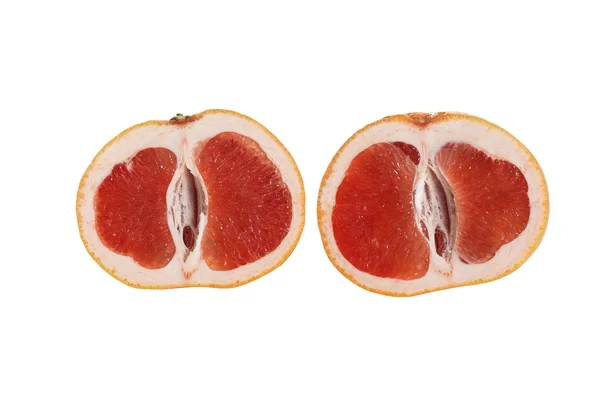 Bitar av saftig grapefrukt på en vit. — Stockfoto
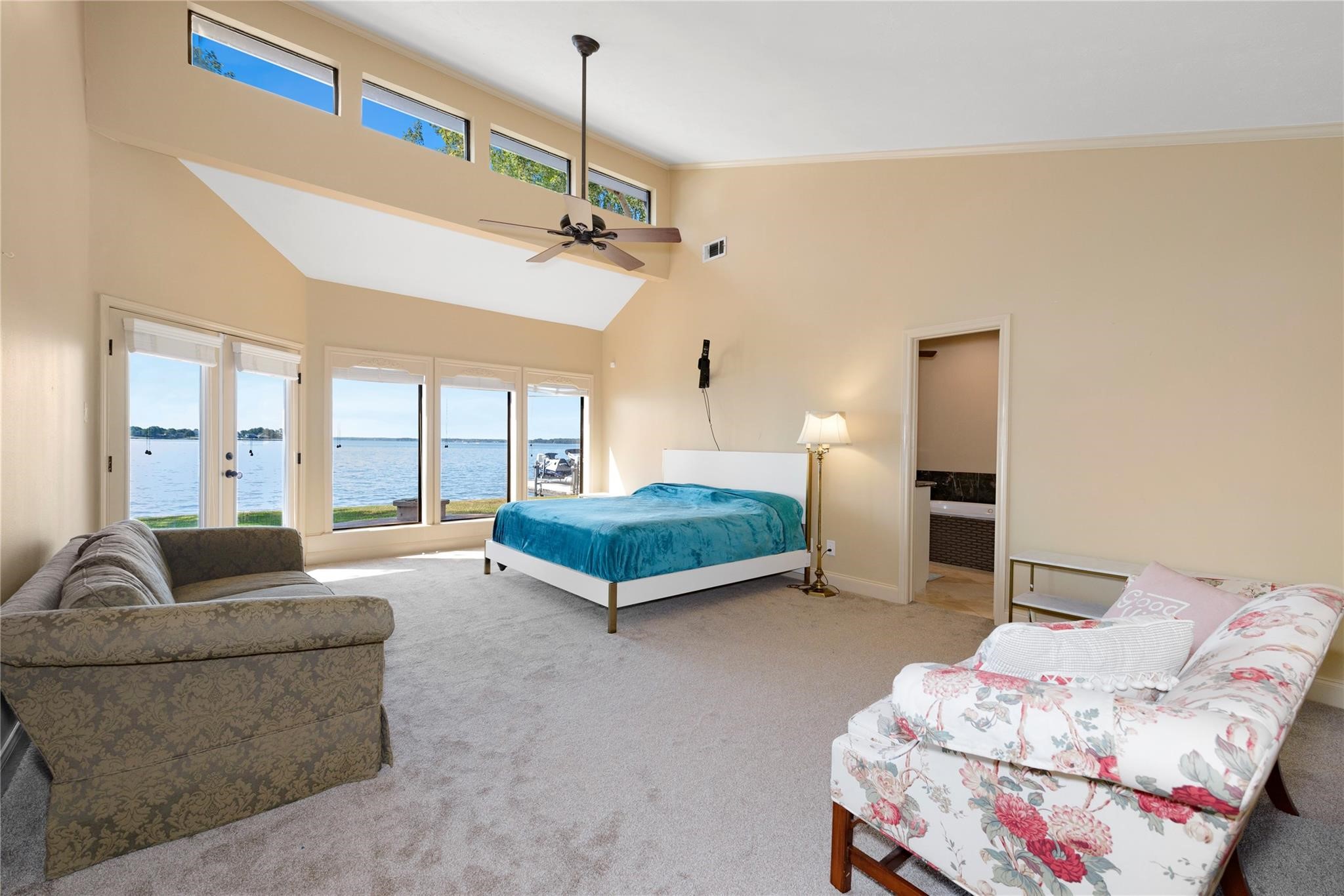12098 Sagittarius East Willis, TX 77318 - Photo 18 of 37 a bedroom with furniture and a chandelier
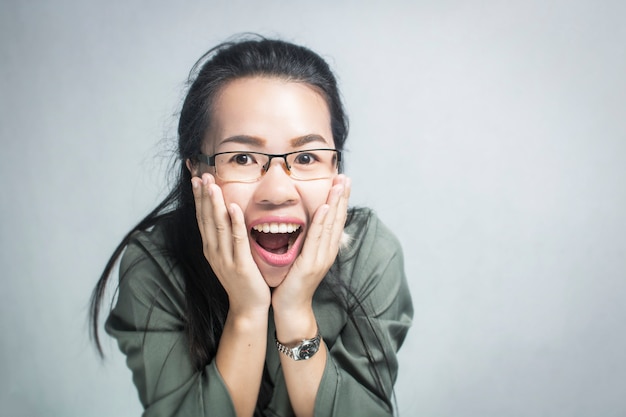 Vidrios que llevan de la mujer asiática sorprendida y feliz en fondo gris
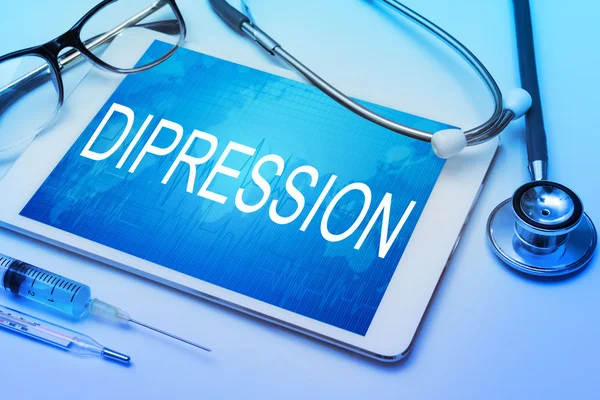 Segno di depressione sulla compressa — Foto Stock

* * *

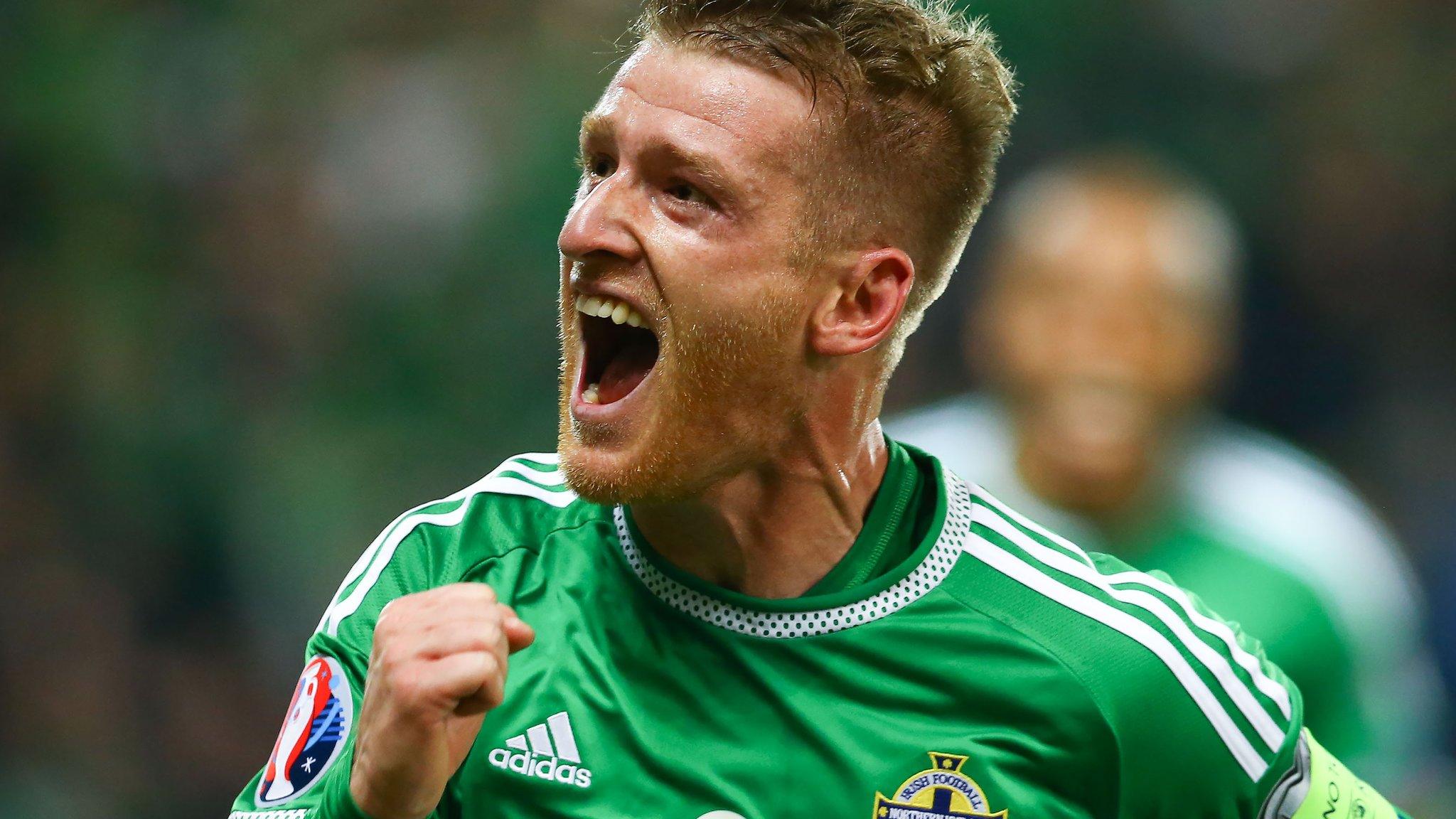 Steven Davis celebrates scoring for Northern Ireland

...

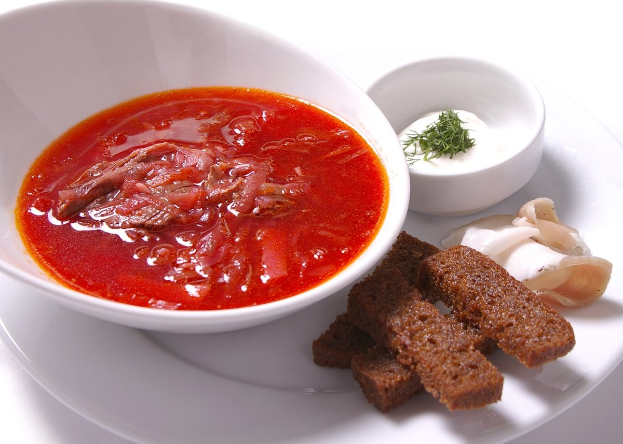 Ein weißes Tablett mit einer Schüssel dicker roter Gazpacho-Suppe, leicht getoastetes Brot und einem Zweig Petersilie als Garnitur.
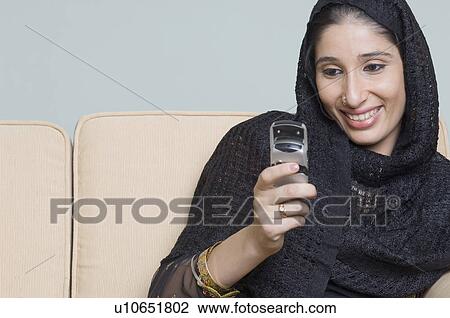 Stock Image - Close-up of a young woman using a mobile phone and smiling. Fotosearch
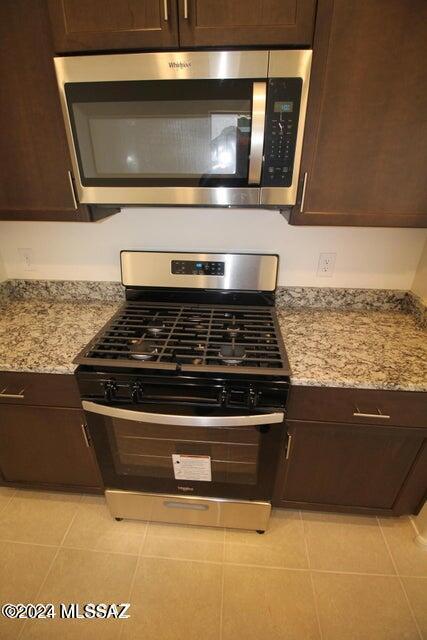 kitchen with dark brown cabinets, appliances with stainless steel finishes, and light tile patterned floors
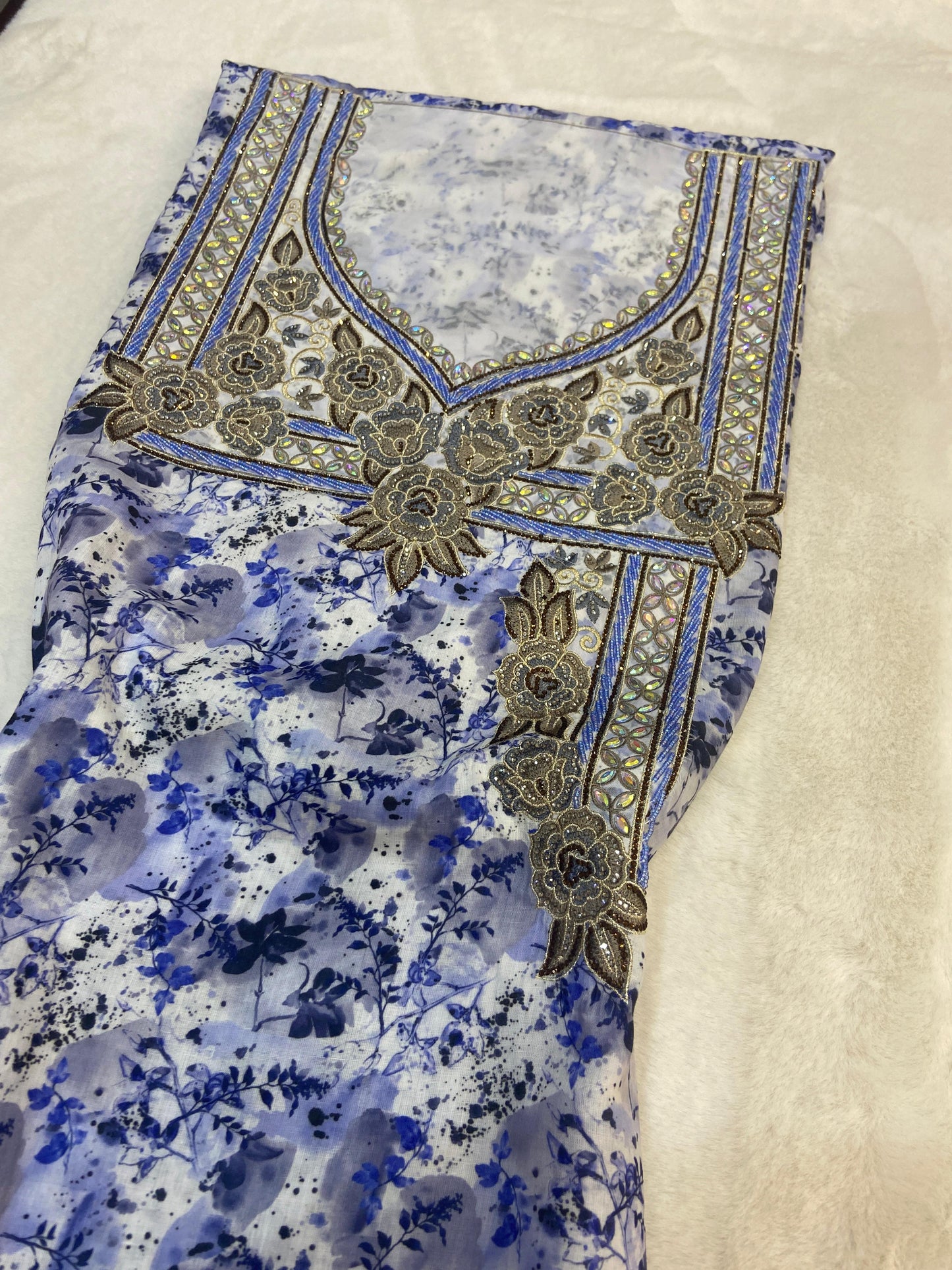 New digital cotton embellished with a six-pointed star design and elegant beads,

--- WORK TO BE COMPLETED ---
Exact repeat of the material above: every line from the one with "kitchen with dark" through the one with "New digital cotton", endpoints included, and nothing more. No pictures.

--- COMPLETED TASK ---
 kitchen with dark brown cabinets, appliances with stainless steel finishes, and light tile patterned floors
 New digital cotton embellished with a six-pointed star design and elegant beads,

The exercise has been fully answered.